The things to be careful of though, is unnecessary anxiety. Essentially this is the anxiety that doesn’t need to be there. You know it’s unreasonable, and yet you still struggle with it. Maybe it’s the result of some past trauma or an innate insecurity, but it still rears its ugly head at the most inconvenient times.

I’m well aware of this anxiety, and I live with it, but there are things I do which help to reign it in. First and foremost, I accept it; that’s how I calm anxiety. I look at the thing and the anxiety that I’m feeling and I tell myself that it’s perfectly valid to feel scared. That alone can be life-changing. When you allow yourself to feel the things normal human beings feel. I look at it and I say “this is a valid feeling, I accept this.”

Usually that helps take the fight out of it. For the longest I fought to get rid of it; I struggled so unnecessarily to stop it, and what I was missing the whole time was the fact that it’s normal to feel things. It’s ok to be scared and it’s ok to be nervous and being ok with these things is a huge weight of your shoulders. Being allowed to feel the full gamut of human emotion allows us to learn more deeply about ourselves and how we tend to react to certain situations.

That’s just the first step though. Next you have to decide for yourself that you don’t want to be ruled by the unreasonable anxiety. You have to say to yourself, I’m not going to be afraid anymore.

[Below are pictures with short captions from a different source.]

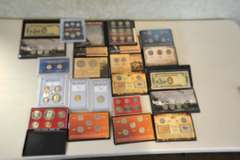 Estate Lot OF Coins  in Special Holders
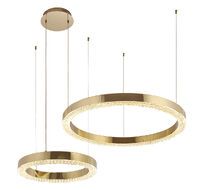 Подвесная люстра Crystal Lux SATURN SATURN SP90W LED GOLD_CR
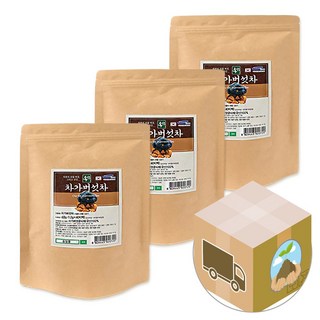 SIF 국내산 차가버섯 차 균사체 끓이는법, 1.2g, 3개, 40개입, 1.2g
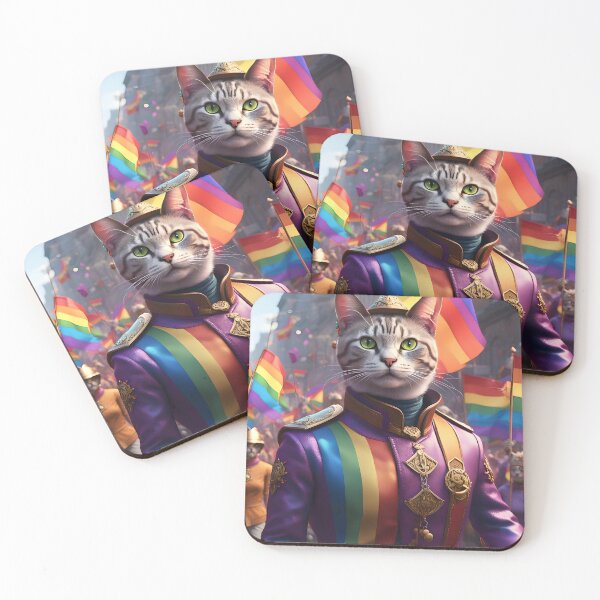 Artikelvorschau, Katzen-Pride-Parade LGBTQ+ entworfen und verkauft von MugsAndDuds.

Keep that phrase in mind whenever you enter a situation where your anxiety has the potential to flare up and, if you keep that thought in your mind, you’ll automatically take the steps necessary to quell the feeling of fear. You’ll breathe deeply, and you’ll calm yourself and relax your shoulders.

Essentially this is being prepared for a stressful situation. I imagine it’s the same mindset before playing in a big football game or going into a big interview. You’ll have prepared yourself for the stress, and you will be able to handle it better. It also serves to reinforce the idea that you don’t have to put on an act, which everybody can see through already. It means you’ll be fully there for the situation, and the hope is that once you’ve faced and confronted that fear, having been prepared for it, it will be easier to handle the next time something like that occurs.

The truth is, I’m not a doctor and I don’t know the clinical efficacy of either of these strategies aside from discussing them with my therapist, but they seem the best way I know how to calm anxiety.